Ant is a 7/8ths inch scale model of the unique Great Laxey Mine Railway locomotive together with matching lead ore tubs. It is available in 32mm gauge only.

Ant is just over 7 inches long and 4 1/2 inches high. It is our most complex kit so far with accurate rivet detail, inside cylinders and even a flickering firebox, and was designed with great help and support from the volunteers at Laxey who supplied many photos and details during design. It has a 4 wheel drive motor/gearbox completely hidden in the chassis. It is controlled by a Loco Remote Mini B and powered by 4 standard AA NiMH rechargeable batteries easily accessible in the boiler.

The kit contains everything you need including a Loco Remote Mini B to build a fully remote controlled loco. Just add batteries and a custom driver from the Clavey Models eBay store to get up and running with your smartphone.

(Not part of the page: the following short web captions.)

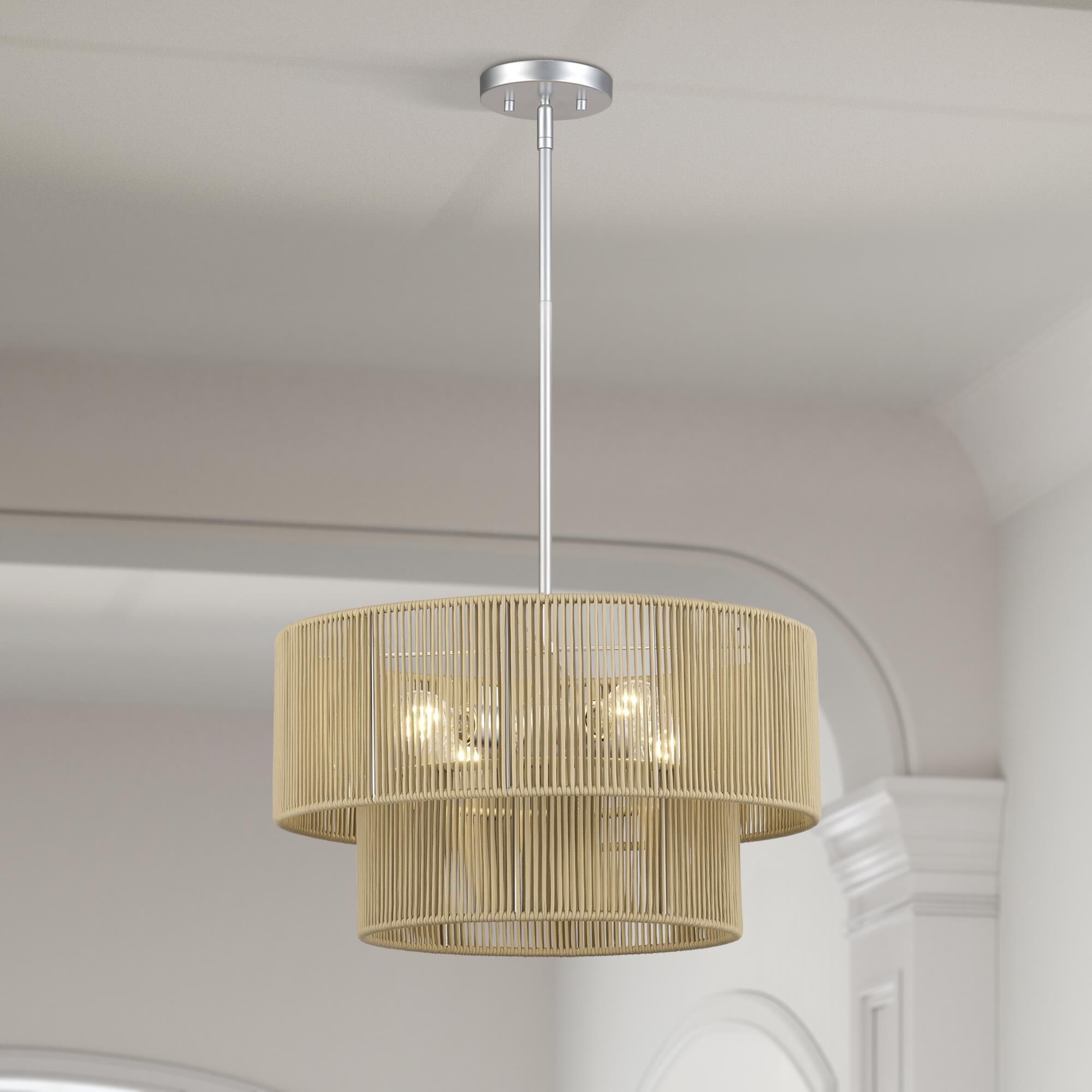 Shown in Painted Nickel finish and Hand-Woven Venetian Gold Color Polyester Rope shade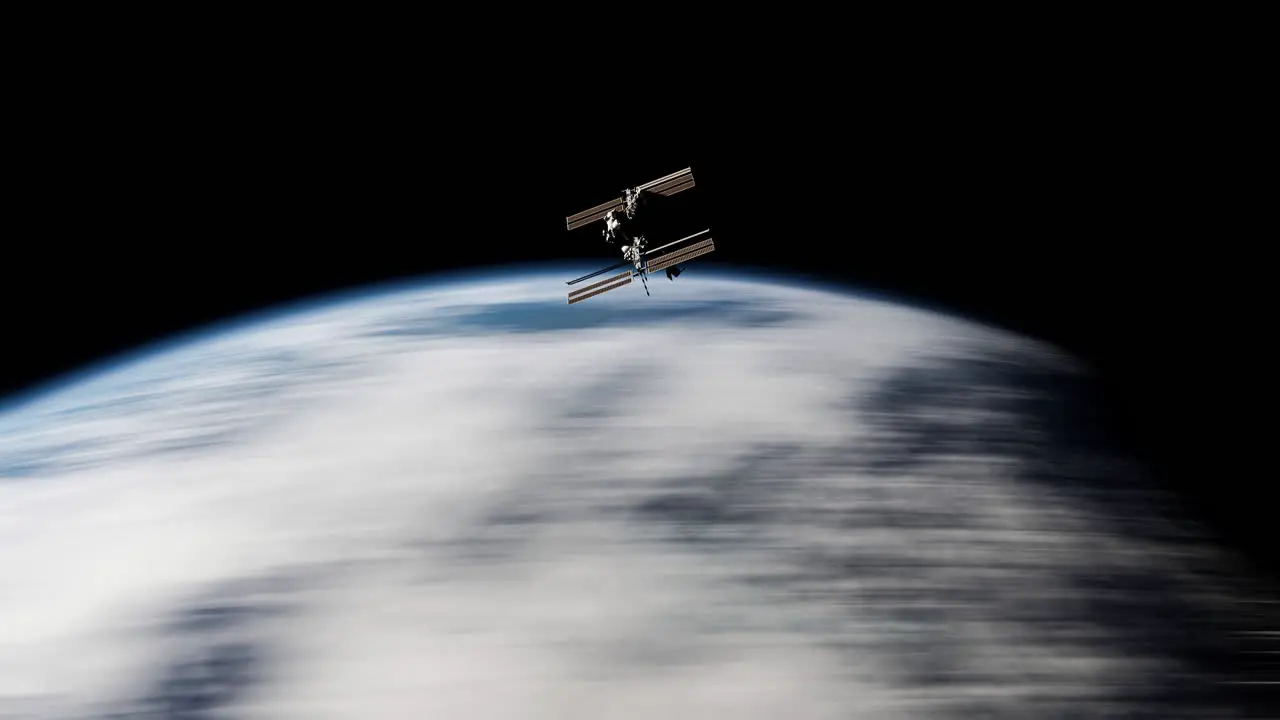 International Space Station Orbiting Earth in Space Time Lapse SpaceX NASA Research ISS Satellite View Low Orbit 3D Model by NASA 4K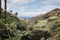 View of a small village along the coast from a high cliff, La Gomera, Spain, Canary Islands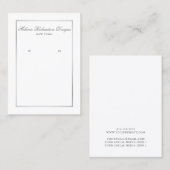 Élégante carte d'écran d'oreille de cadre en argen (Devant / Derrière)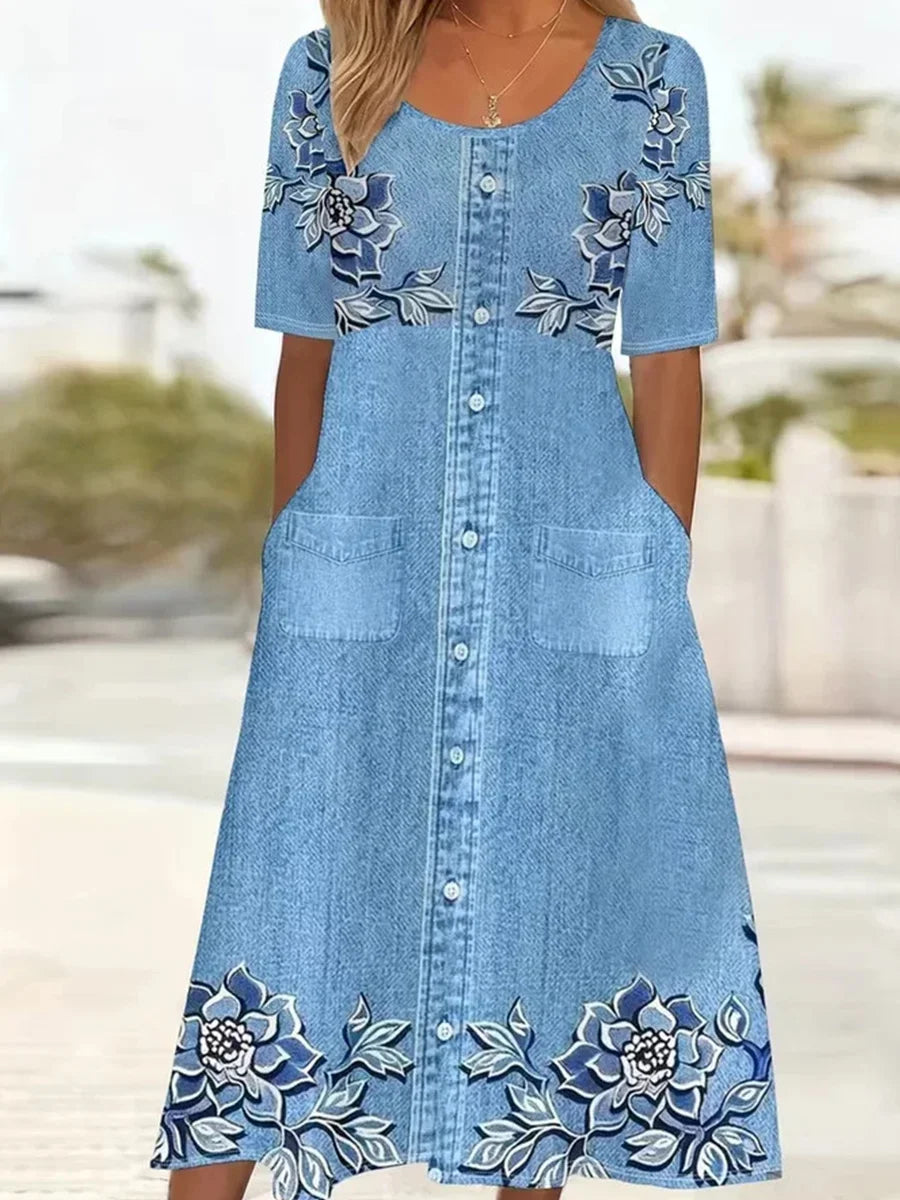 Floral Print Round Neck Short Sleeve H-Line Dress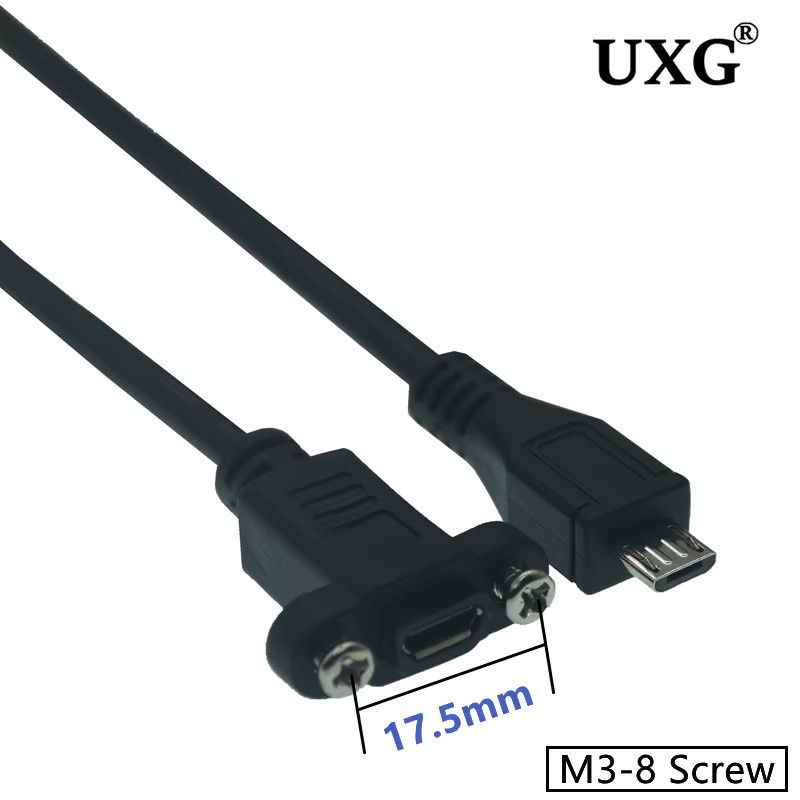 UXG Micro-Mini-USB-C-Stecker auf Typ-C-Buchse Verlängerungskabel mit Schrauben zur Sperrenplattenmontage Schwarz Pitch 17,5 mm 5-polig - Bild 2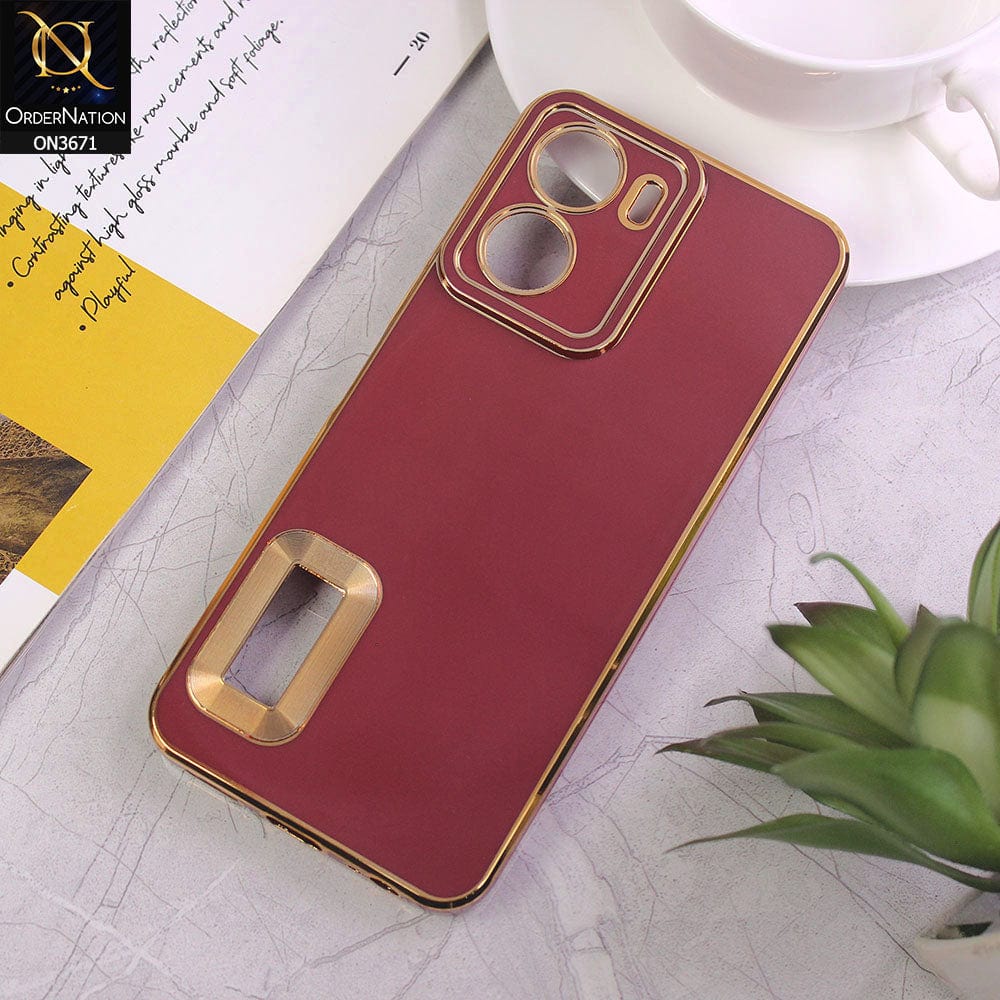 Vivo Y16 Cover - Maroon - All New Electroplating Borders With Logo Hole Protective Soft Silicon Case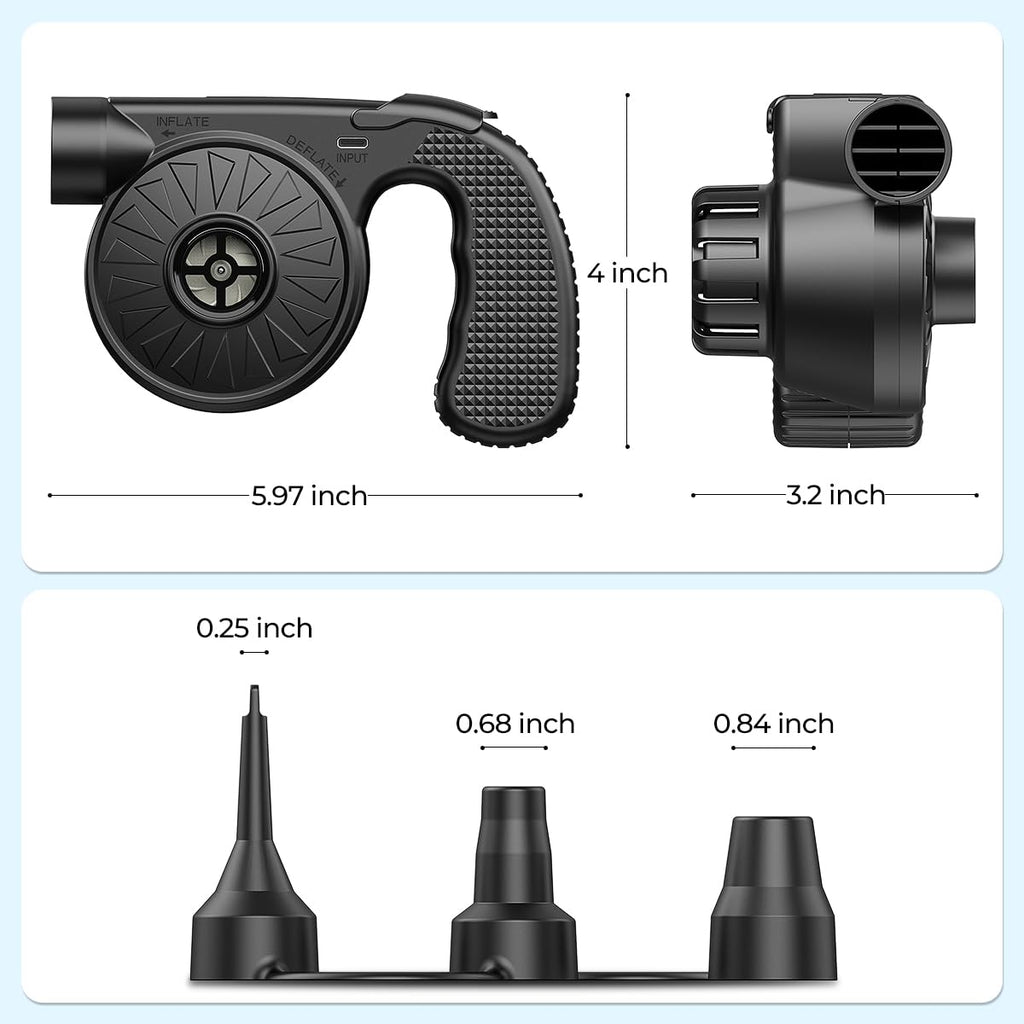 Dr.meter Portable Electric Air Mattress Pump, Rechargeable 4000mAh Battery Air Pump - Quick-Fill Air Inflator Deflator for Outdoor Camping Inflatable Bed Pool Boat Float Raft Swimming Rings Snow Tube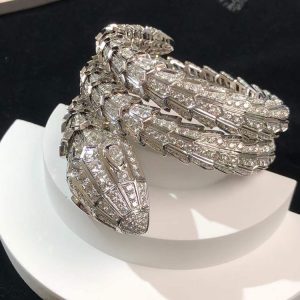 BVLGari Serpenti Bracelet Remake Natural Diamond 18K White Gold (2)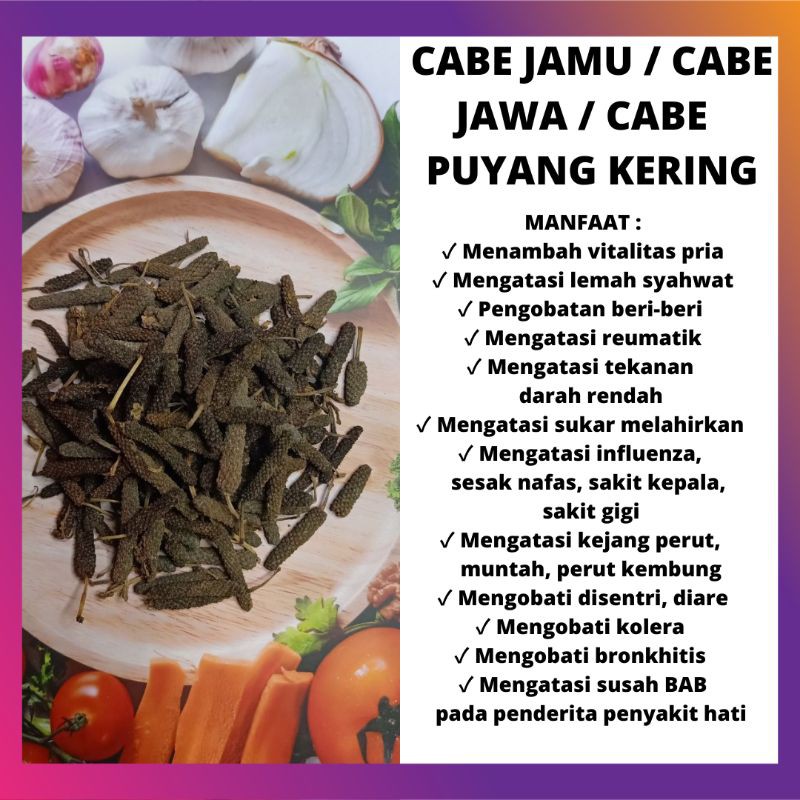 

Cabe Jamu Kering / Cabe Jawa / Cabe Puyang / Long Pepper Grade A Organik Hitam Sampai Dalam
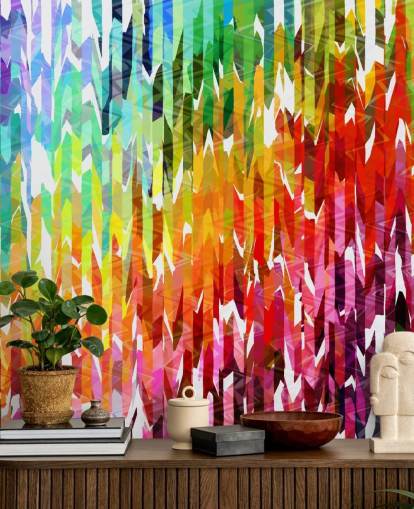Abstract Colourful Rainbow Lines Wallpaper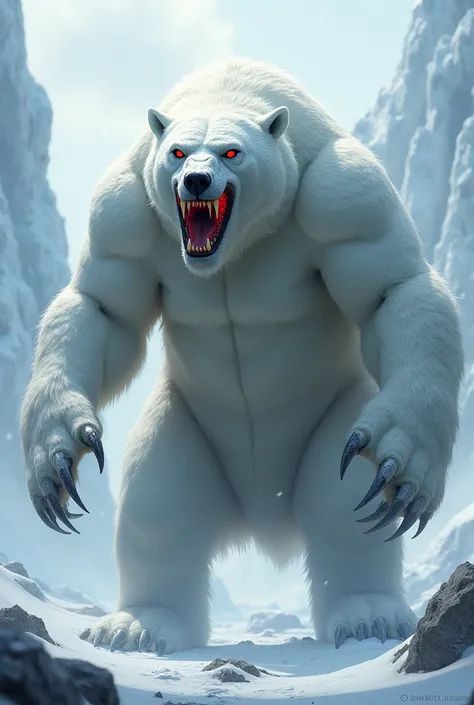 A polar bear and red monster hybrid 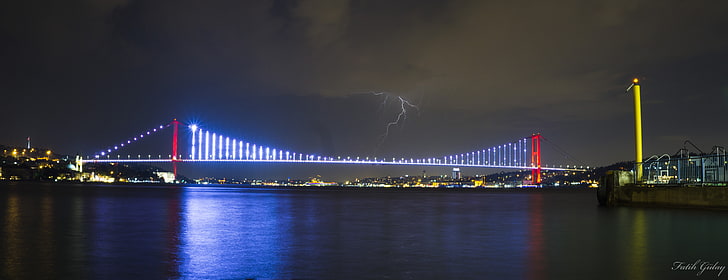 Стамбул, Босфор, ночь, длительная выдержка, город, огни города, молния, мост, HD обои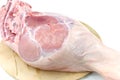 Raw Leg Of Pigling - Piglet . Close Up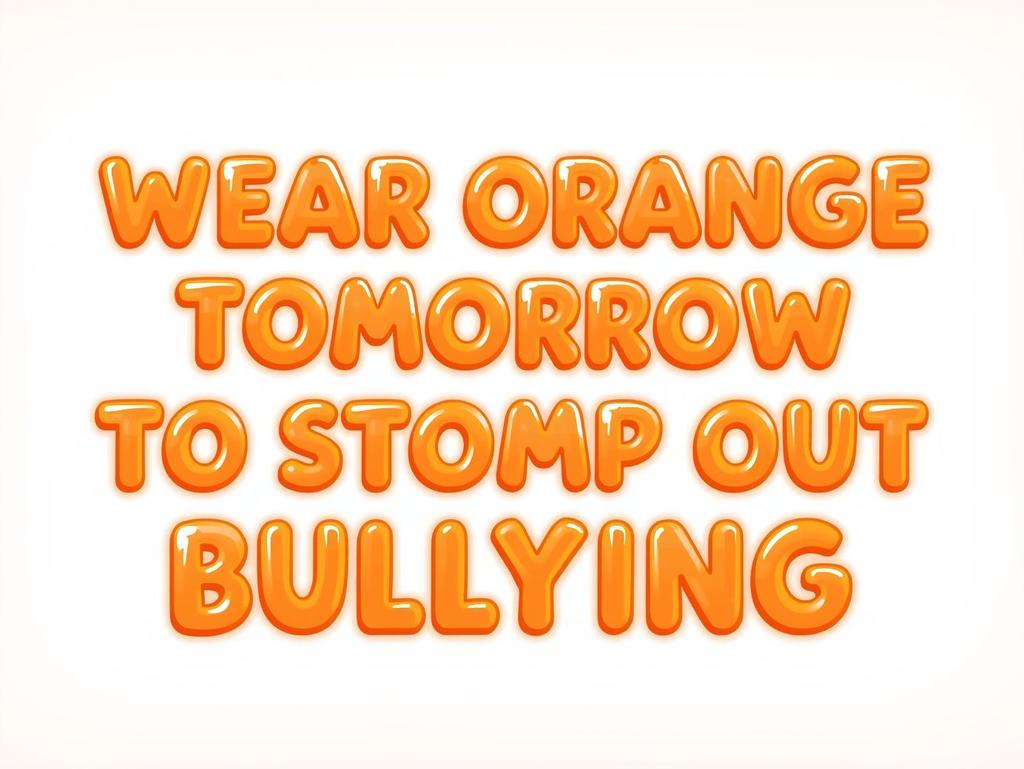 🧡 Wear ORANGE Tomorrow! 🧡  Hey students! This is your reminder that Wednesday, October 15, 2025, is the only day that BIG Blue goes ORANGE to Stomp Out Bullying! 👟✨  Let’s show our unity and stand together against bullying — young and old, it has to stop. 💪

It is 3D printed in PLA ST (super tough) black and PLA+ red and brown. This means that while it is fine to run it anywhere, do not leave it standing outside in hot sun for any length of time, especially if it is unpainted. Above around 50 degrees C (120 degrees F) PLA can start to soften and so it may deform. Remember this is the temperature of the PLA which may be higher than the air temperature in the sun. PLA ST is more resilient than standard PLA, but as the loco has a lot of small parts please still treat it with care.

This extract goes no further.